Livres - BD

Deux sortes d’illuminations éclairent le visage de Noël. Les unes, colorées et rutilantes, animent les vitrines des magasins, les jouets d’aujourd’hui et les guirlandes des sapins. Les autres, plus intimes, allument une petite flamme au fond du cœur de chacun. Chacun suivra son étoile. Comme, sans doute, le petit garçon de Thierry Robberecht et Philippe Goossens qui imaginent la fête de Noël en orangé, au coin de l’âtre et dans la chaleur d’un foyer familial. Joli récit que celui de cet enfant chagriné à l’idée de perdre son grand-père pourtant promu Père Noël. Où l’on apprend qu’il faut parfois quitter les siens pour le bien-être de l’humanité.
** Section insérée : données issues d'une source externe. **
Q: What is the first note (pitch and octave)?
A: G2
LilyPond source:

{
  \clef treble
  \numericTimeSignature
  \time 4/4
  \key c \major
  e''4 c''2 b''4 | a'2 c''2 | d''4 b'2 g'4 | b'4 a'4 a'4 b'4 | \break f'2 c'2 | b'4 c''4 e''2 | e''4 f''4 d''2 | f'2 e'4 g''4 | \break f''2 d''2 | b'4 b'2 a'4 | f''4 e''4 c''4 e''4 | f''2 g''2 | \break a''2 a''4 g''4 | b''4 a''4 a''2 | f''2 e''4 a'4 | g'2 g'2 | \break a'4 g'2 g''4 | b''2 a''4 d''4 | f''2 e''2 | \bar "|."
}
La fête de Noël invite aussi à retrouver l’Ancien et le Nouveau Testament pour des récits éternels dont nous sommes imprégnés dès la plus petite enfance. À l’instar du redoutable, et toujours redouté, déluge de l’Arche de Noé dont le grand illustrateur russe Gennadij Spirin nous livre une version très raffinée.

Né le jour de Noël 1948 dans une petite ville des environs de Moscou, souvent primé pour son travail, il a déjà illustré "Katchanka" de Tchekhov, et a choisi, pour l’Arche de Noé selon le Livre de la Genèse, d’utiliser de la tempera, des aquarelles et du crayon pour une lumière tout intérieure.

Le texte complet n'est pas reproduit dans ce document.